Google Maps users attack Russia's federal censor, reclassifying it as a ‘permanently closed’ ‘gay bar’
In a sweeping effort to cut access to the instant messenger Telegram, Russia’s federal censor has spent the past five days blocking millions of IP addresses, which has disrupted online businesses with no connection to Telegram, other than shared cloud servers.

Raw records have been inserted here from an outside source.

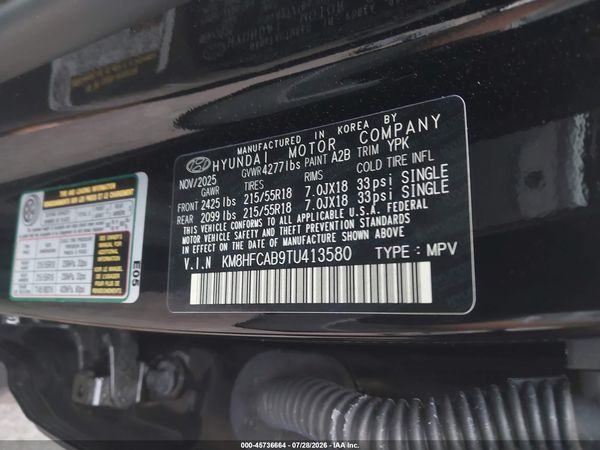 2026 HYUNDAI KONA SEL SPORT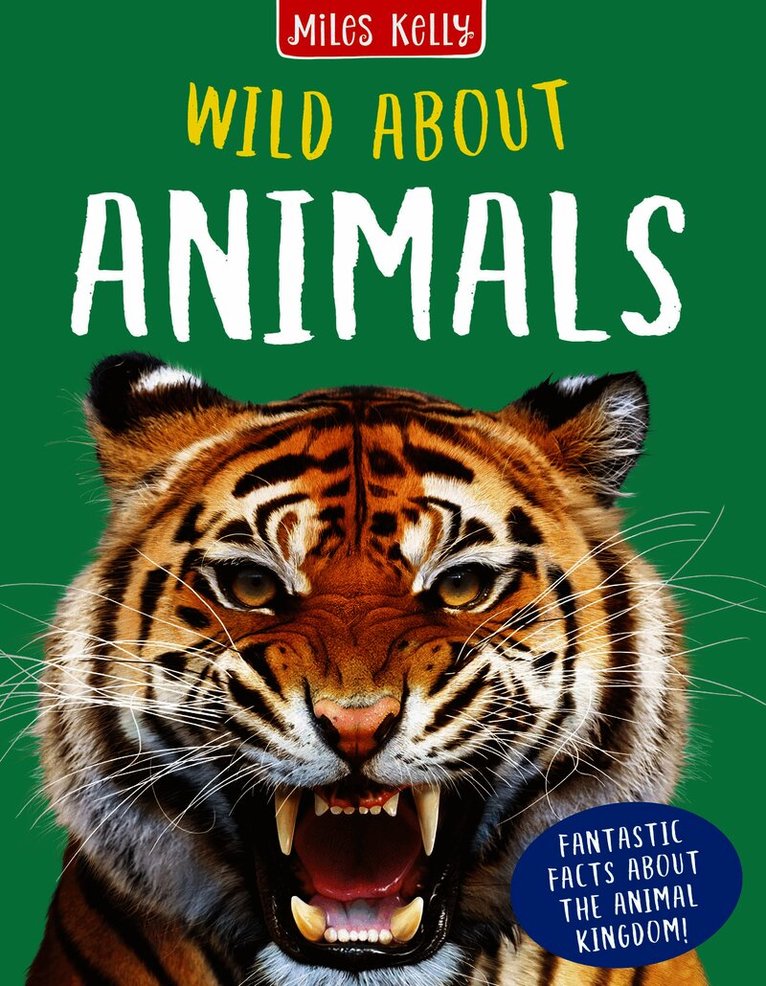 Wild About Animals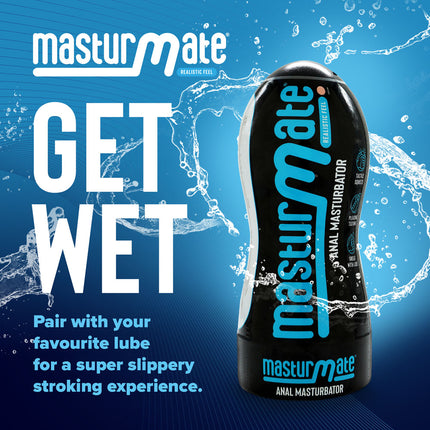 Masturmate Butt Cream Flesh Anal Masturbator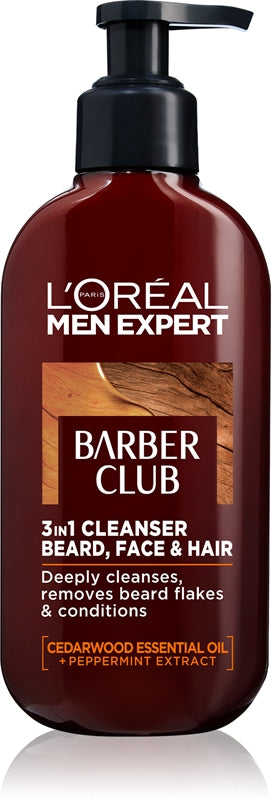 L’Oréal Paris Men Expert Barber Club - Sense42 Beauty and Health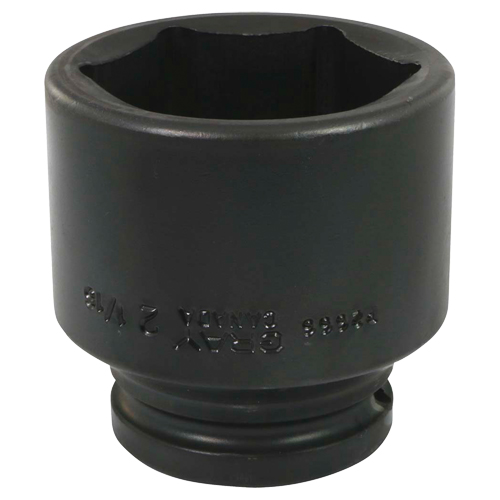 Socket, Impact, 17 mm, 3/4" Drive, 6 Points EastCoast Offshore Supplies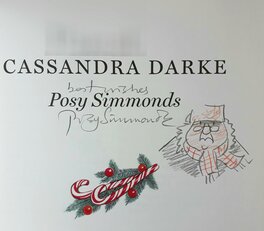 Cassandra Darke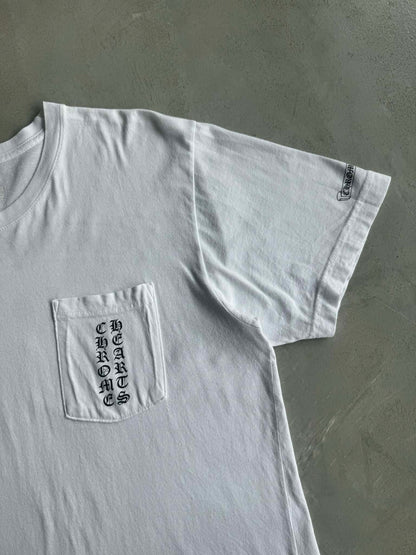 Chrome Hearts Osaka Exclusive White Shirt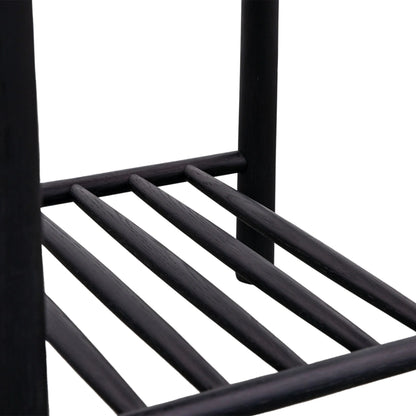 Gallery Direct Wycombe Side Table Black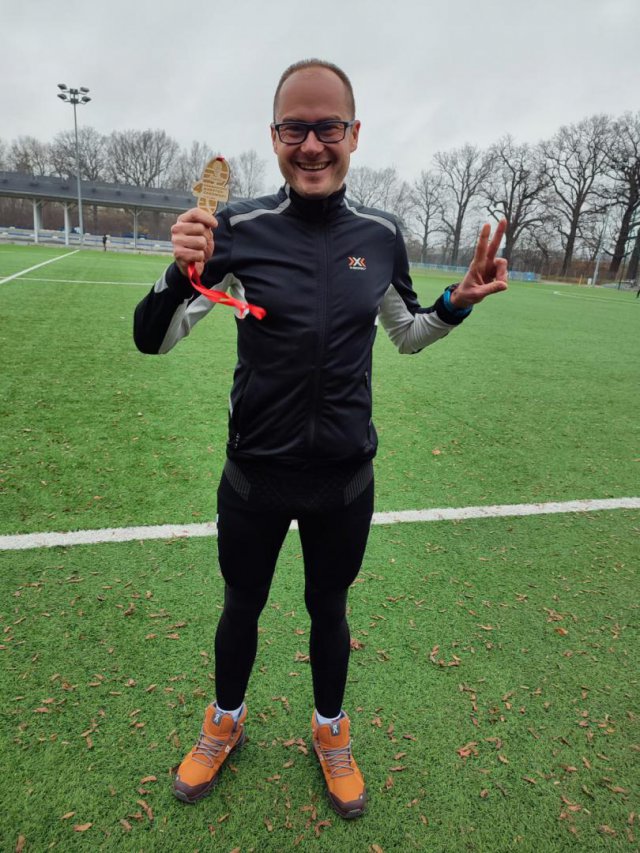  Za nami IV Noworoczny Maraton Żarowski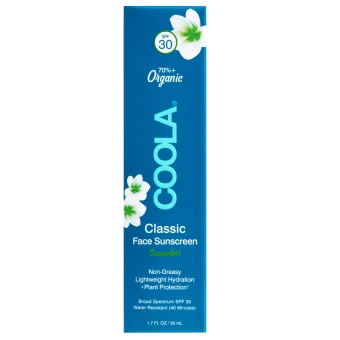 Coola Classic Face Sunscreen Cucumber SPF 30 50 Ml 5 Coola Classic Face Sunscreen Cucumber SPF 30 50 Ml – Bild 3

Never a popular government agency, Roskomnadzor is now one of the most hated institutions in the Russian state bureaucracy, and Internet users want people to know it.
On Google Maps, people have been flooding the entries for Roskomnadzor’s offices across the country with negative reviews, renaming the Moscow headquarters to “Roskompozor” (Roskom-disgrace), changing its listed operating hours to “permanently closed,” and reclassifying it from a “state institution” to a “gay bar” and “psychoneurological dispensary.” Some Internet users have even uploaded photographs to their reviews showing what appears to be groups of terrorists gathered around a flag bearing Telegram's logo, as well as various cat videos and photos of a book titled “What Is Terrorism?”
Since April 16, when the Russian government started blocking Telegram, the Vkontakte pages operated by the State Duma and United Russia (the country’s ruling political party) have received tens of thousands of angry comments demanding that the federal censor spare Telegram.